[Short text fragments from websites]

****

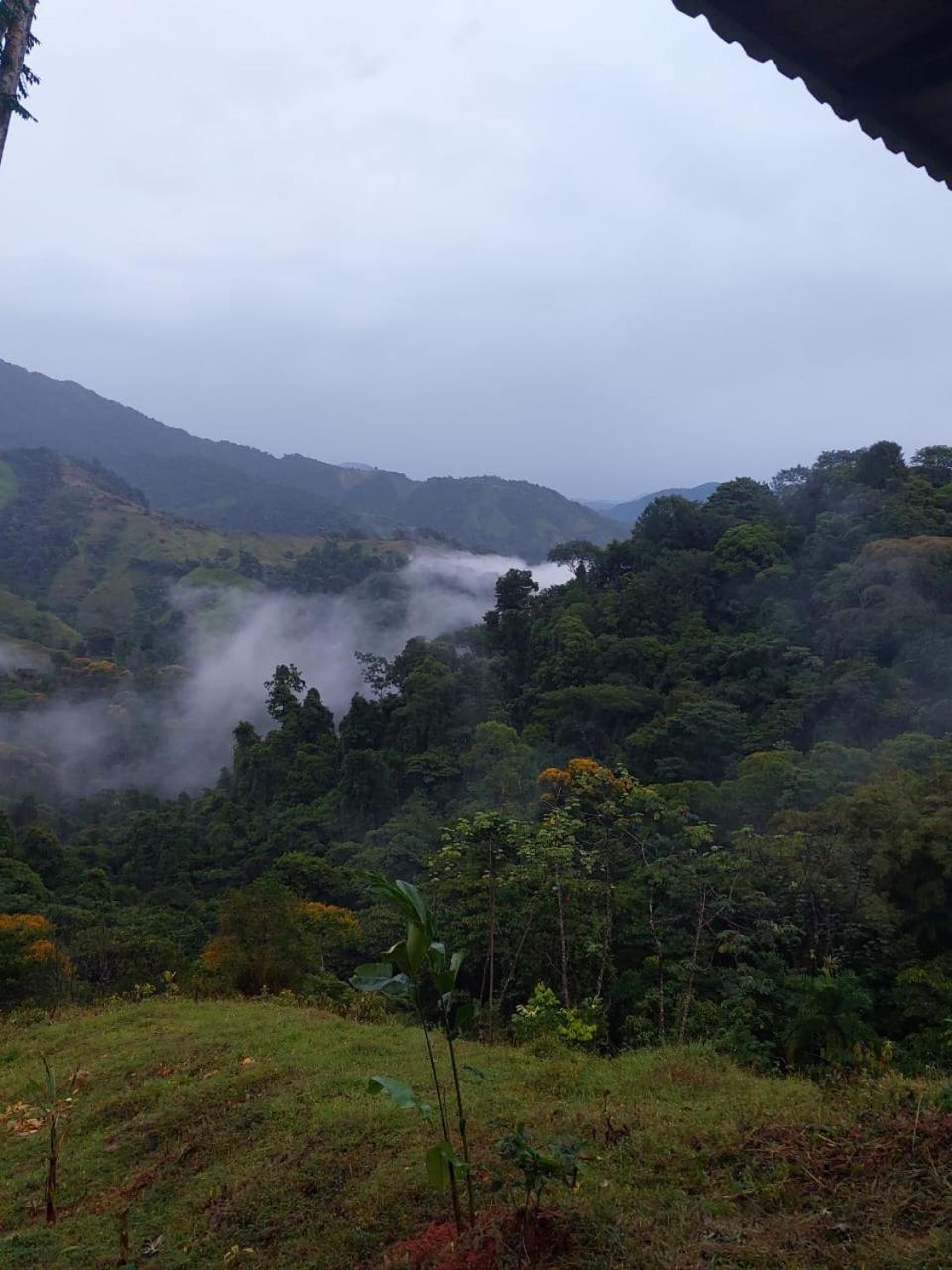 Santa Juana Lodge & Nature Reserve Quepos Eksteriør billede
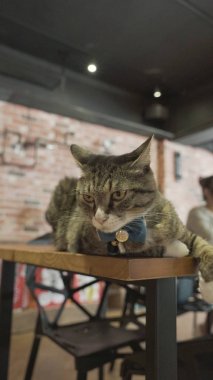 Masanın üzerinde yatan kedi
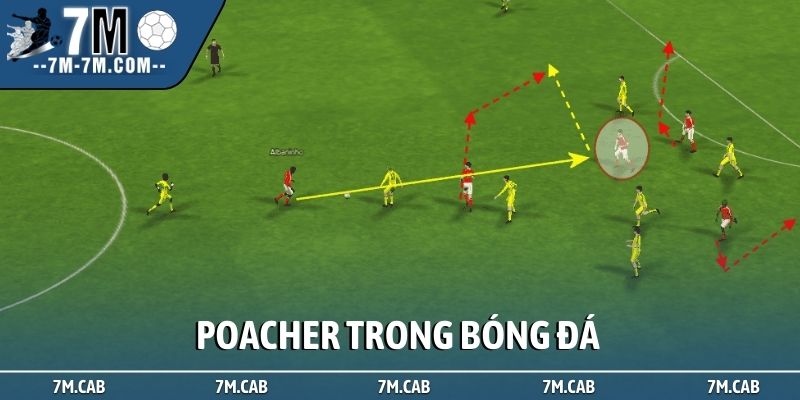 Poacher trong bóng đá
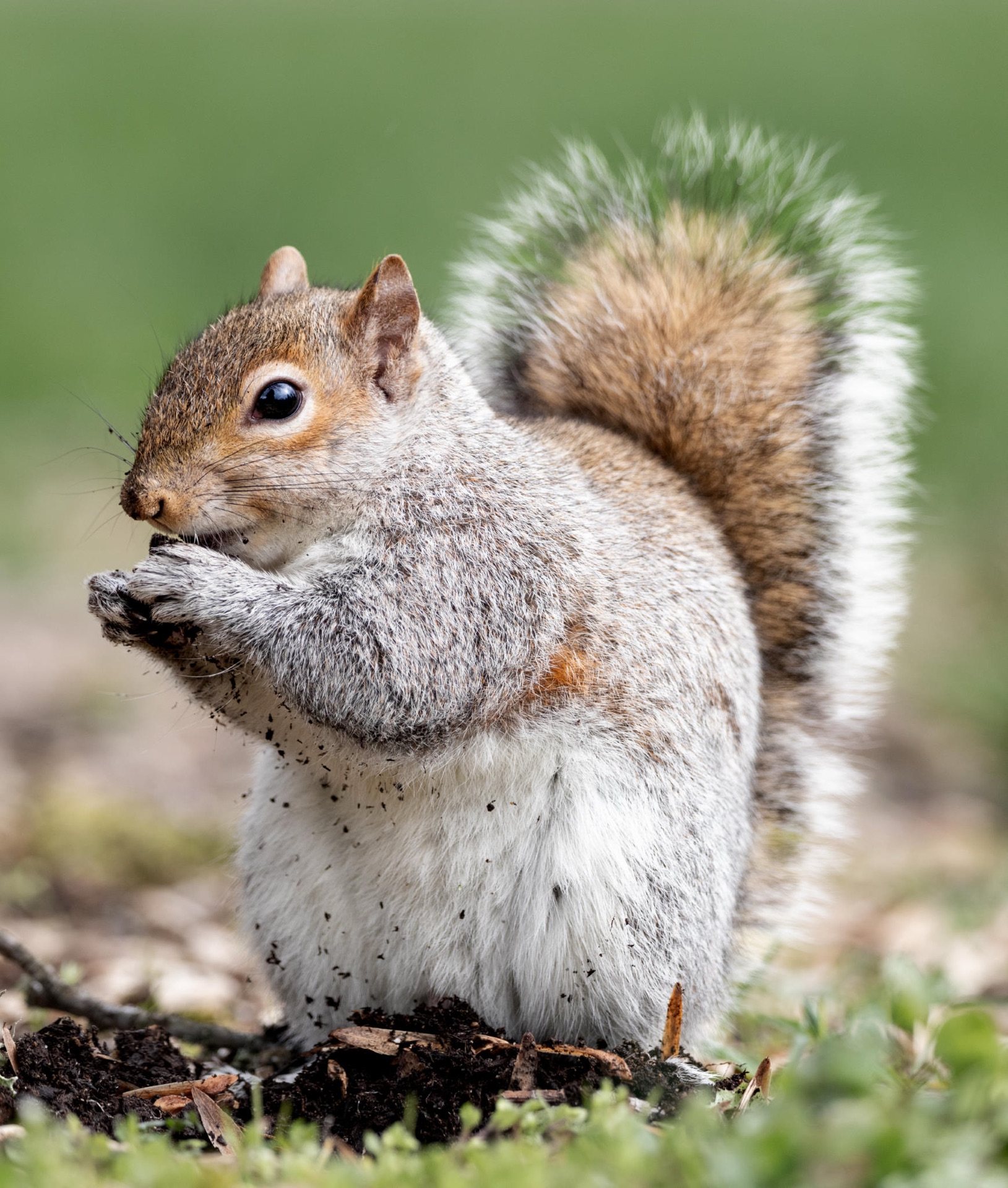 Eastern Grey Squirrel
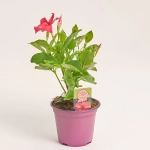 Зображення товару Мандевілла Ріо Корал Пінк, артикул: 56552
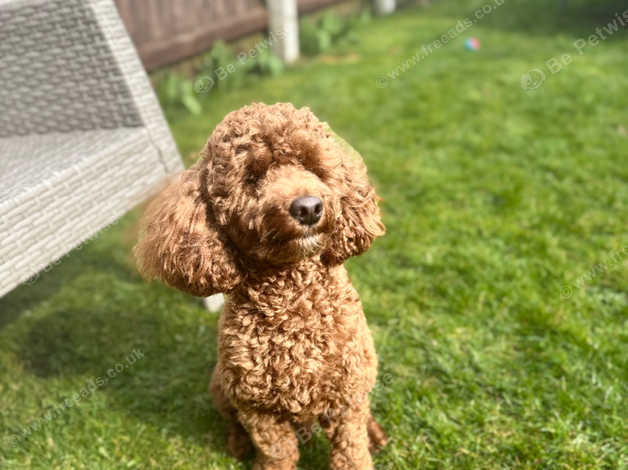 Miniature Poodles For Stud Near Me Tiny Toy Poodle Stud Service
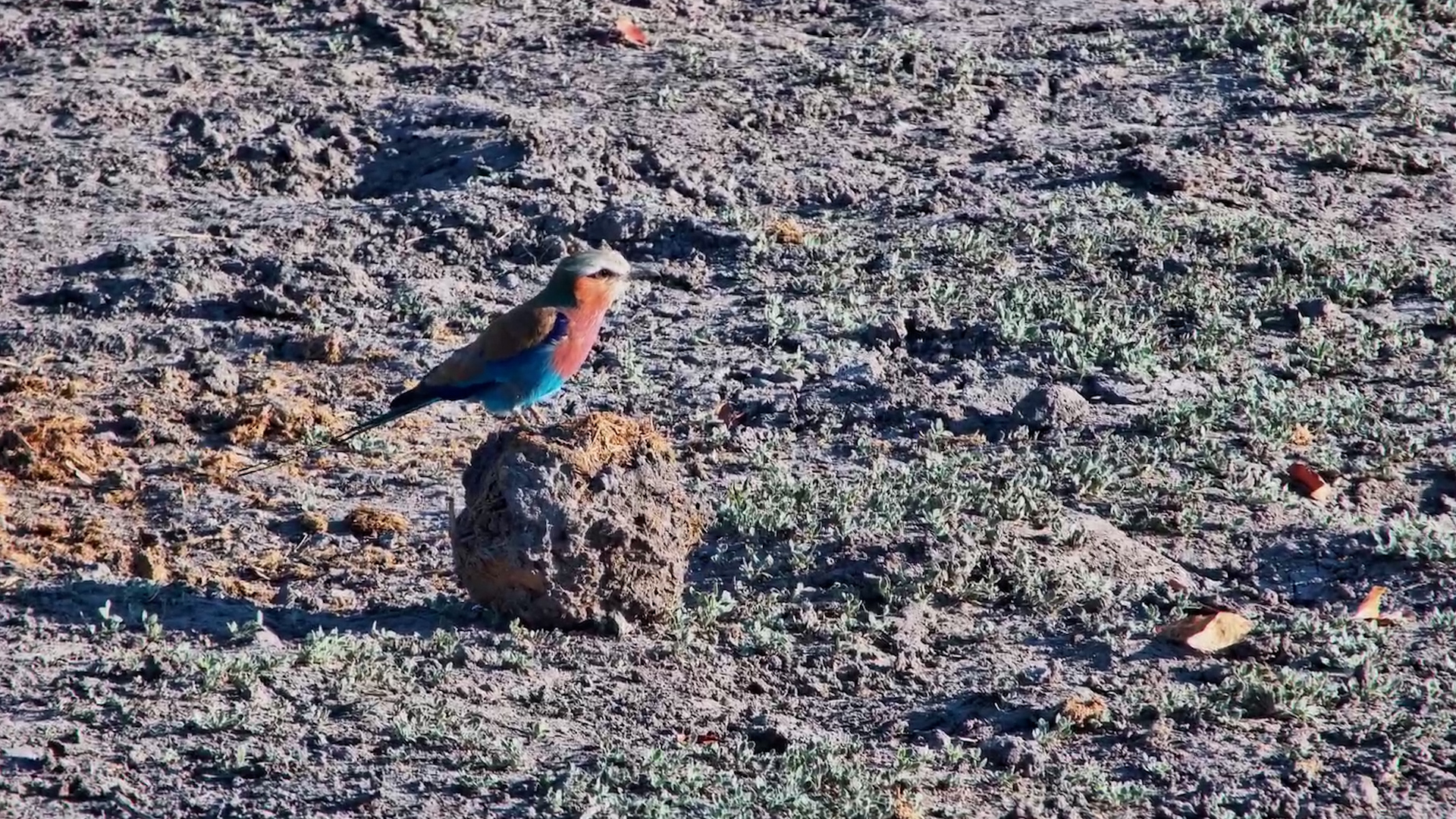 The Most Glamorous Bird on the Least Glamorous Perch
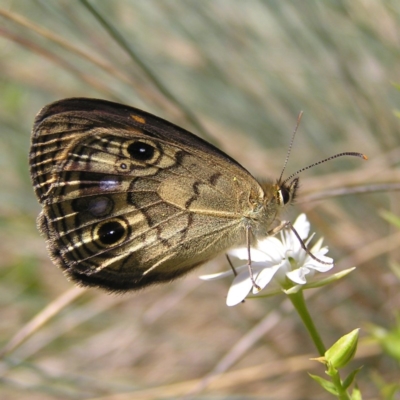 Heteronympha cordace (Bright-eyed Brown) at Cotter River, ACT - 12 Feb 2018 by MatthewFrawley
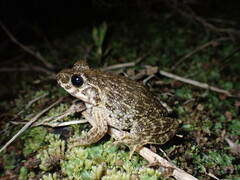 Glandirana rugosa
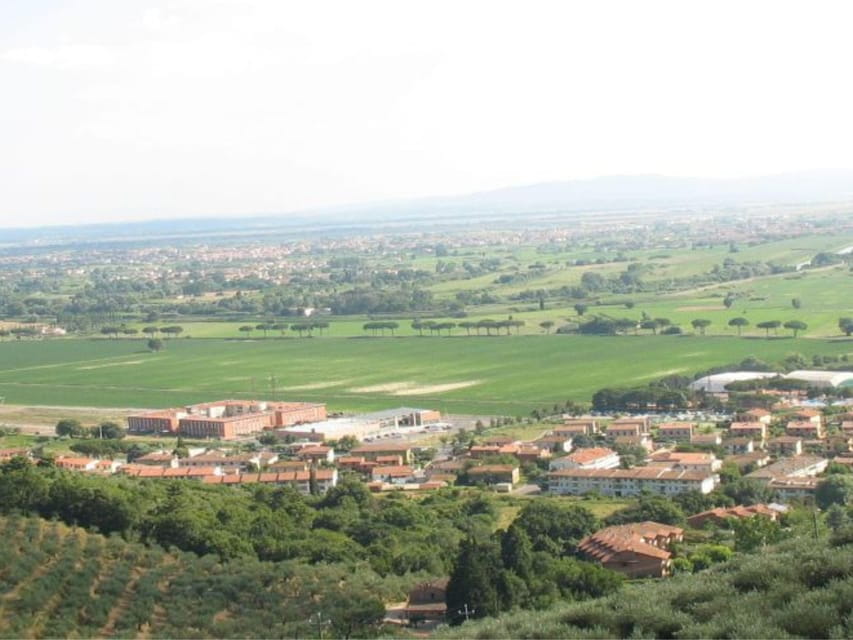 Olive Mill Tour with Oil and Food Tastings near Pisa - FAQs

****

▶ [ASSIGNMENT]
Please return the lines from the line with "Heteronympha cordace (Bright-eyed" through the last line of the data, both included, exactly, and without pictures.

▶ [WRITTEN RESPONSE]
 Heteronympha cordace (Bright-eyed Brown) at Cotter River, ACT - 12 Feb 2018 by MatthewFrawley
 Glandirana rugosa
 Olive Mill Tour with Oil and Food Tastings near Pisa - FAQs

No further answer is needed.